SAHİH-İ MÜSLİM

Bablar Konular Numaralar  

BİRR VE SILA BAHSİ

<< 2596 >>

NUMARALI HADİS-İ ŞERİF:

 

82 - (2596) حدثنا أبو كامل الجحدري، فضيل بن حسين. حدثنا يزيد (يعني ابن زريع). حدثنا التيمي عن أبي عثمان، عن أبي برزة الأسلمي، قال:

 بينما جارية على ناقة، عليها بعض متاع القوم، إذ بصرت بالنبي صلى الله عليه وسلم. وتضايق بهم الجبل. فقالت: حل. اللهم! العنها. قال فقال النبي صلى الله عليه وسلم "لا تصاحبنا ناقة عليها لعنة".

 

[ش (حل) كلمة زجر للإبل واستحثاث. يقال. حل حل، بإسكان اللام فيهما. قال القاضي: ويقال أيضا: حل حل بكسر اللام فيهما، بالتنوين وبغير تنوين].

 

{82}

Bize Ebû Kâmil El-Cahderî Fudayl b. Hüseyn rivayet etti. (Dediki): Bize Yezid (yâni İbni Zürey') rivayet etti. (Dediki): Bize Teymî, Ebû Osman'dan, o da Ebû Berzete'I-Eslemî'den naklen rivayet etti.

 

Bir defa bir cariye, üzerinde cemâatin bazı eşyası bulunan dişi bir deveye binmişti. Aniden Nebi (Sallallahu Aleyhi ve Sellem)'i gördü. Dağın da dar yerine gelmişlerdi. Kadın :

 

— Hal (deh) ! Allahım, buna lanet et! dedi.

 

Bunun üzerine Nebi (Sallallahu Aleyhi ve Sellem):

 

«Üzerinde lanet bulunan bîr deve bizimle beraber olmasın!» buyurdular.

 

 

83 - (2596) حدثنا محمد بن عبدالأعلى. حدثنا المعتمر. ح وحدثني عبيدالله بن سعيد. حدثنا يحيى (يعني ابن سعيد). جميعا عن سليمان التيمي، بهذا الإسناد. وزاد في حديث المعتمر "لا. أيم الله! لا تصاحبنا راحلة عليها لعنة من الله" أو كما قال.

 

{83}

Bize Muhammed b. Abdi'l-A'lâ rivayet etti. (Dediki): Bize Mu'temir rivayet etti, H.

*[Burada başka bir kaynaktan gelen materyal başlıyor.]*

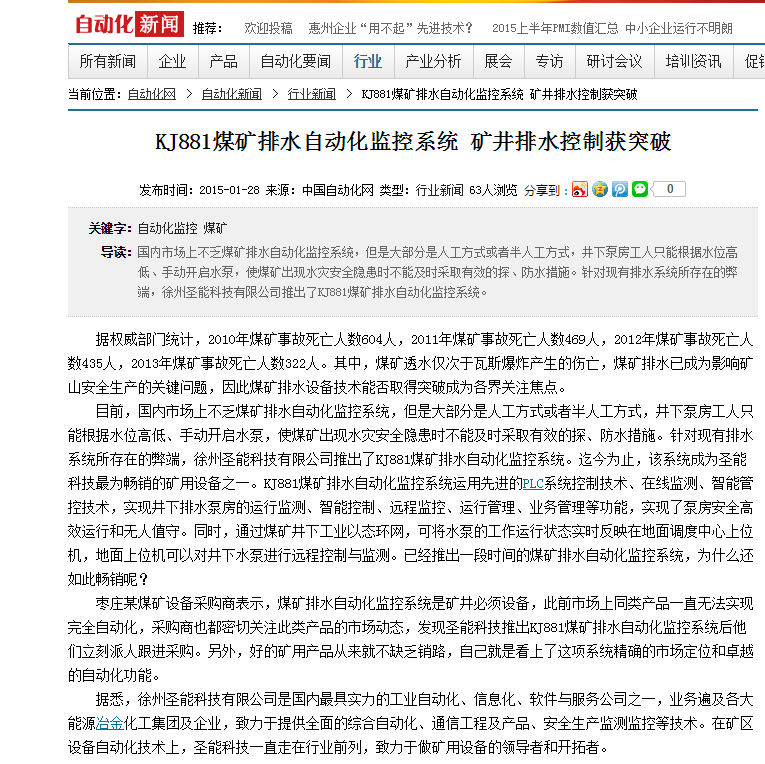 米兰体育网站官网煤礦排水與(yu) 礦用廣播通信係統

Bana Ubeydullah b. Saîd de rivayet etti. (Dediki): Bize Yahya (yâni İbni Saîd) rivayet etti. Bu râviler toptan Süleyman Et-Teymî'den bu isnadla rivayette bulunmuşlardır. Mu'temir'in hadîsinde şu ziyâde vardır :

 

«Hayır! Allah'a yemin olsun üzerinde Allah'dan la'net bulunan bir deve bizimle beraber olmasın. Yahut buyurduğu gibidir.»

 

 

İzah:

«El-Mebârik» nâm eserde Nebi (Sallallahu Aleyhi ve Sellem)’in bu deveyi kabul etmemesi, kadının bedduası kabul edildiğini bildiği içindir, denilmiştir. Fakat Nevevî'nin tevcihi daha güzeldir. Ona göre Peygamber (Sallallahu Aleyhi ve Sellem) bu sözü kadını men etmek için söylemiştir. Daha önce kadına, hayvanlara vesâireye lanet etmemesini tenbih buyurmuş; bu suretle dili alışarak insanlara da lanet etmesini önlemeye çalışmıştı.

 

Resûlullah (Sallallahu Aleyhi ve Sellem)'in nehyine imtisal etmediği anlaşılınca, o da kendisine bir ceza olmak üzere devesini başı boş bıraktırdı. Bundan maksat yolda o deve ile beraber olmamaktır. Resûlullah (Sallallahu Aleyhi ve Sellem)'in beraberinde olmamak şartiyle o deveye binmek veya satmak yahut kesmek caizdir.

 

Hal, deveyi yürütmek için söylenilen sözdür. Bu kelime tekrarlanarak «Hal! Hal!» yahut «Hali! Hali!» veya «Halin! Halin!» şekillerinde kullanılır.

 

«Üzerinde Allah'dan lanet bulunan bir deve bizimîe beraber olmasın!»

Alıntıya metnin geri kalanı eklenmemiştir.